In un contesto nuovo, dunque, sia politico sia istituzionale (grazie alle nuove leggi di stampo maggioritario) si svolgono le elezioni del 1994, nel segno di un bipolarismo non più bloccato si svolgono le elezioni successive (1996, 2001, 2006 e 2008) che vedono l'avvicendamento al governo di formazioni politiche diverse, sulla base di una competizione tra coalizioni che si riconoscono in un leader destinato a ricoprire la carica di Presidente del Consiglio.
Il dibattito che si è andato sviluppando da allora è tutto diretto ad una stabilizzazione, ad una migliore disciplina di questa evoluzione, appunto bipolare, sulla quale negli anni è andato maturando un consenso ampio e trasversale tra gli schieramenti politici (visibile soprattutto nei comportamenti dei cittadini, che nel corso delle elezioni sempre più hanno assecondato e rafforzato con le loro scelte la dinamica bipolare del nostro sistema politico).

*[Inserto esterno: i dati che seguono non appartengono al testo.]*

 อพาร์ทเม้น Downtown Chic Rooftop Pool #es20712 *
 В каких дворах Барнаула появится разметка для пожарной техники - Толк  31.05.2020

Su quanto forte e radicata sia questa consapevolezza, vorrei portare oggi qui a voi un ricordo personale che mi permette di rendere omaggio in questa sede universitaria alla figura di politico e studioso del professore Leopoldo Elia.

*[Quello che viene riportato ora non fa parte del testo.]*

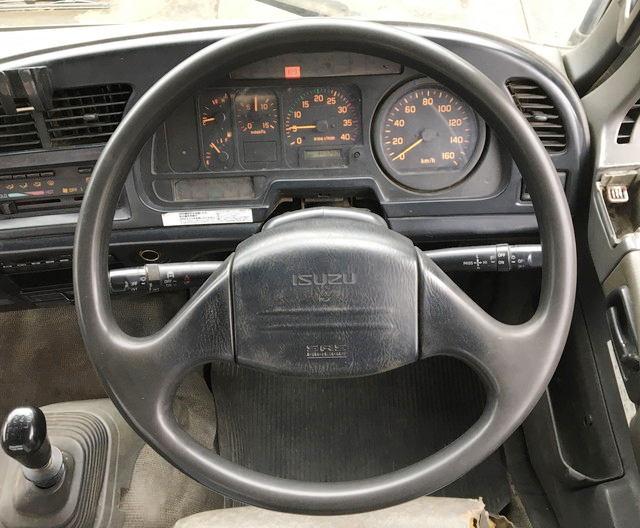いすゞフォワードコンテナ専用車中型（4t）[写真37]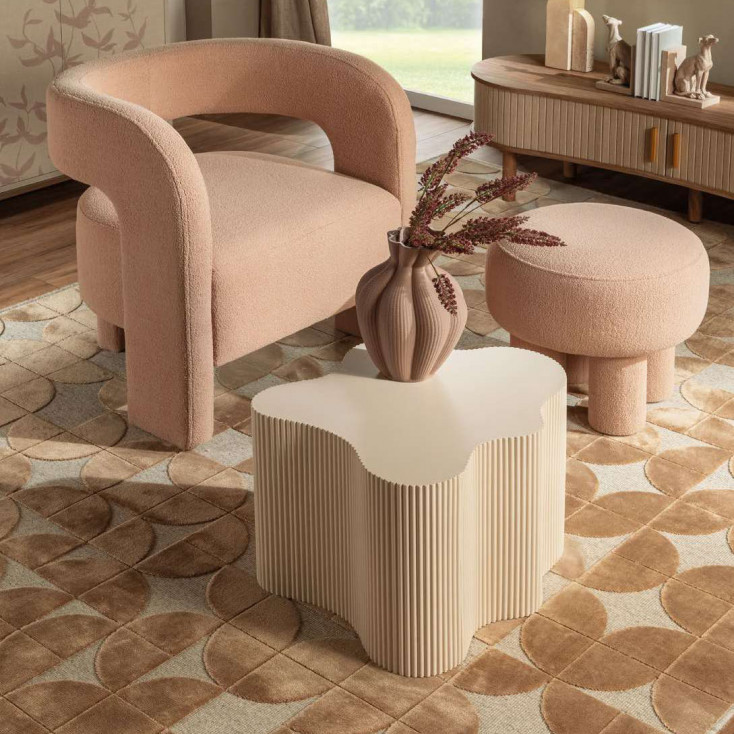 Tavolino da salotto in legno dal design moderno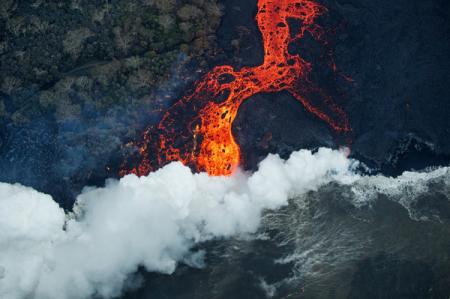Извержение на Гавайях: лава приблизилась к электростанции 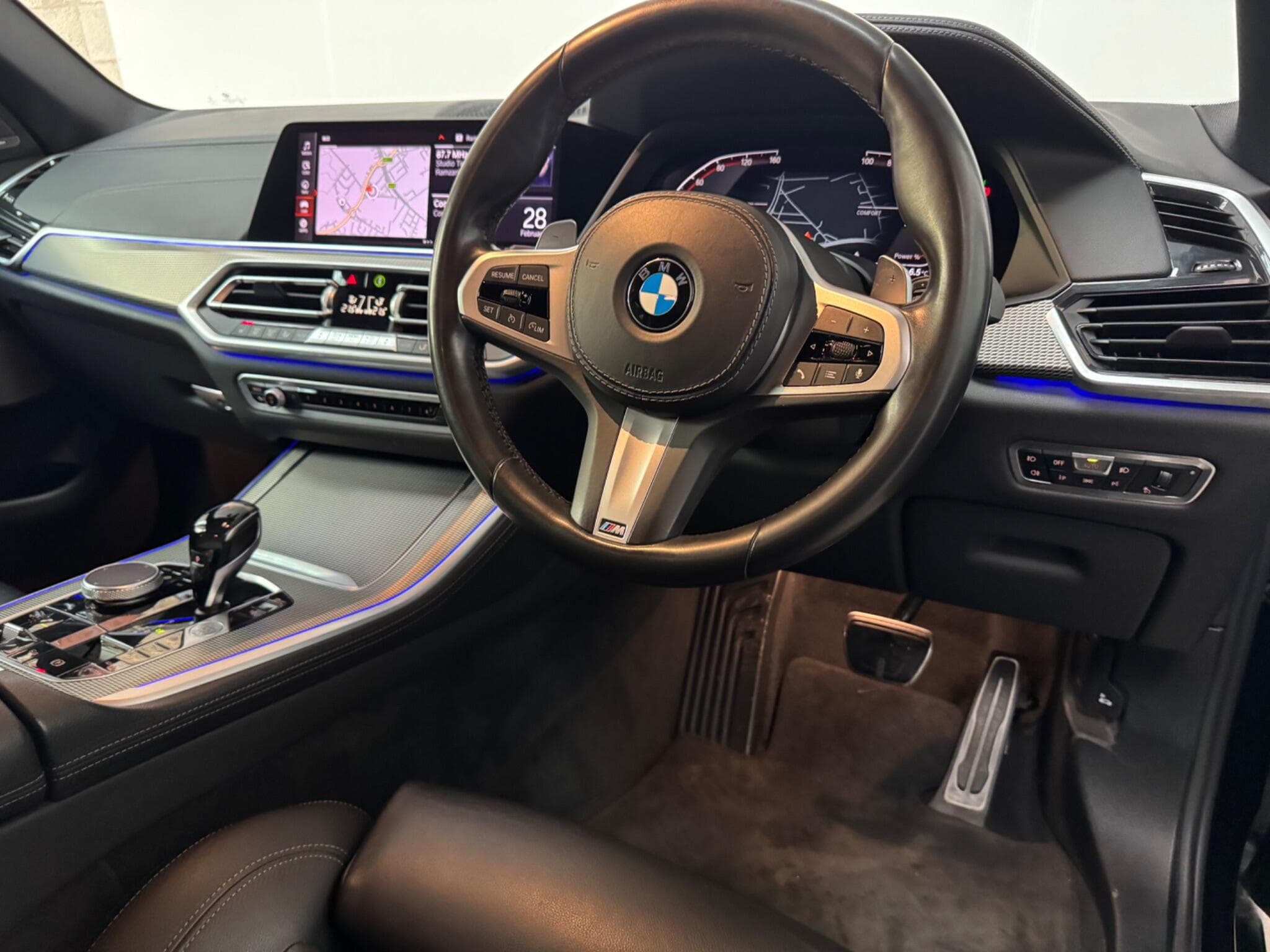 2020 BMW X5 - Thumbnail 4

Nella fase finale della XIII legislatura, segnata da un ambizioso tentativo di riforma della seconda parte della nostra Costituzione, quello portato avanti dalla Commissione presieduta dall'onorevole D'Alema, ci ritrovammo anche a discutere di una ennesima proposta di modifica della legge elettorale.
Le opinioni erano diverse quanto alla scelta del metodo di scrutinio; come animato fu il confronto nella legislatura seguente allorchè venne approvata la legge che oggi regola l'elezione delle due Camere.
Nonostante le divisioni accentuate alla vigilia della competizione elettorale, riuscimmo tuttavia a trovare un ampio e trasversale consenso su un inciso contenuto in un ordine del giorno elaborato dal professor Elia, allora Presidente in Senato del Gruppo del Partito popolare.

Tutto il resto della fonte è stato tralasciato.